*** Block opens ***

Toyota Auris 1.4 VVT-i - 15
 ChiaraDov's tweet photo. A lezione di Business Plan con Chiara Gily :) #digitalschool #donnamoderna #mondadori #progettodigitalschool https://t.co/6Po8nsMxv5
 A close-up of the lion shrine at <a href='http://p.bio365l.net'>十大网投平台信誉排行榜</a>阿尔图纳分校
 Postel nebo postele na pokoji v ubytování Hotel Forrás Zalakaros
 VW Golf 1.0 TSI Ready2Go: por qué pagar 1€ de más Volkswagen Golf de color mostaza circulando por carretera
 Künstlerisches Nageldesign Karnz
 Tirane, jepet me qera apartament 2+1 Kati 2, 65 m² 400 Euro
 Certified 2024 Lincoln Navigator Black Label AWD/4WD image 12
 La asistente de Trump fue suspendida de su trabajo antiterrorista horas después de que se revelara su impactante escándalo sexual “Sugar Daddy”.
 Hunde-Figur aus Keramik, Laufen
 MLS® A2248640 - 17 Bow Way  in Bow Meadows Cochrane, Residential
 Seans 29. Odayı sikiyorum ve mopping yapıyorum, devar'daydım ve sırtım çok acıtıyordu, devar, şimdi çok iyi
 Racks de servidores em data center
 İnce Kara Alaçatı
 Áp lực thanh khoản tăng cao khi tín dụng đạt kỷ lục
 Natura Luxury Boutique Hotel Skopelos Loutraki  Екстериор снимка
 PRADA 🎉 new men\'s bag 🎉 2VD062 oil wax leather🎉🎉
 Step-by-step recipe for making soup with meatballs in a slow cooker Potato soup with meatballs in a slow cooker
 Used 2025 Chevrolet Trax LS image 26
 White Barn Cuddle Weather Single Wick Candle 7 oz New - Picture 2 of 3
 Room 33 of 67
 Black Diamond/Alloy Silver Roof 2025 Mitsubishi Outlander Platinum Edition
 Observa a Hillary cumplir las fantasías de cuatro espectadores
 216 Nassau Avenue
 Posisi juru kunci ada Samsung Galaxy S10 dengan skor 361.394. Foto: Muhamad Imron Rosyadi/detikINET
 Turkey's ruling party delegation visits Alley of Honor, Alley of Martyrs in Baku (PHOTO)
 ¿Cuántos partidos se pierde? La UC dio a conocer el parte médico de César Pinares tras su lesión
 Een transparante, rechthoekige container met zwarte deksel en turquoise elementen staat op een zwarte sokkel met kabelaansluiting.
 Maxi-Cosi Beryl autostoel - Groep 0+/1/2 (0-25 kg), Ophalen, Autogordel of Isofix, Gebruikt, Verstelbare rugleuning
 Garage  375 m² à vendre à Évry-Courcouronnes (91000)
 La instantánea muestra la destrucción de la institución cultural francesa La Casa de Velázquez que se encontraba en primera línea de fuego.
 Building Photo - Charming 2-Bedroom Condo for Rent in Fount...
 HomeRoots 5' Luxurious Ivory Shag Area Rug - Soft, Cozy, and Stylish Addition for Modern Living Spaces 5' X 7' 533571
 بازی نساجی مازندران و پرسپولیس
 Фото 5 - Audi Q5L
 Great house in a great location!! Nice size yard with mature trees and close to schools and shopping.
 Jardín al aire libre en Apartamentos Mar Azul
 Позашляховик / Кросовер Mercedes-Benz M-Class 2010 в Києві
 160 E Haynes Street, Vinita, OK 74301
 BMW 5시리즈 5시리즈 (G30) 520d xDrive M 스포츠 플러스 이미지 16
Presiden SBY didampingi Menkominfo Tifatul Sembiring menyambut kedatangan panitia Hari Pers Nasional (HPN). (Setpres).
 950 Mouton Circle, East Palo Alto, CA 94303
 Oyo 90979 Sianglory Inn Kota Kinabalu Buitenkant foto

*** Block closes ***

*WHAT THE TASK REQUIRES*: Please return every line of the records that contains the word "with".

*RESPONSE AREA*:
 Step-by-step recipe for making soup with meatballs in a slow cooker Potato soup with meatballs in a slow cooker
 Great house in a great location!! Nice size yard with mature trees and close to schools and shopping.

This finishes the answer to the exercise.